Learning awareness through object-based enquiry
Brief description of session and activities
This proposal reflects support for Object-Based Learning, anticipating the new Learning, Teaching and Enhancement Strategy 2014-17, and responding to the UAL Strategy for Academic Support 2013-16.
UAL-wide Academic Support Events and Special Collections across UAL have jointly developed and co-delivered a range of sessions using objects from museum and archive collections as a point of focus for enhancing student research skills in creative practice. These sessions encourage students to look at objects in detail as raw data for the exploration of material culture and as a vehicle for surfacing their orientations and habituated responses towards object-based research.
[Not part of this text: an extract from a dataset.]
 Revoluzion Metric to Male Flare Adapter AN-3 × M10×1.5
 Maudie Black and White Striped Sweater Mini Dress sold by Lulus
Students are given the opportunity to examine the nature of enquiry and reasoning, and are encouraged to develop metacognitive awareness of the differences between the experience of information-seeking online and the more contemplative nature of traditional object-based enquiry. The sessions have been successfully delivered to cross-College multidisciplinary groups from both undergraduate and postgraduate courses. Students have reported that they value the different ‘readings’ of objects undertaken by peers, and have learnt or extended their range of methodologies for object-based enquiry and approaches to questioning as a result.
“[I was surprised by] how people from different areas had different ways of analysing an object.”
“I think this kind of workshop just opens my mind and I still need to keep thinking.”
We are proposing an experiential workshop as a taster session* to introduce conference participants to the pedagogic approach behind these object-based learning sessions and offer them the chance to carry out a detailed object reading, echoing the experience of our students. Through ‘reading’ objects in small groups, and drawing on established methodologies such as Prown (1982), participants will be encouraged to explore their own dispositions towards enquiry, and consider the value of collaborative meaning-making.
* This session complements the session proposed by Sarah Mahurter
Will students be involved in the session? If so how?
No students will be involved
What will participants take away from the session?
Participants will leave the workshop with a basic understanding of the methodology for guiding students through a detailed ‘reading’ of an object. Participants will be given a simple worksheet which they can take away and use in their own teaching practice.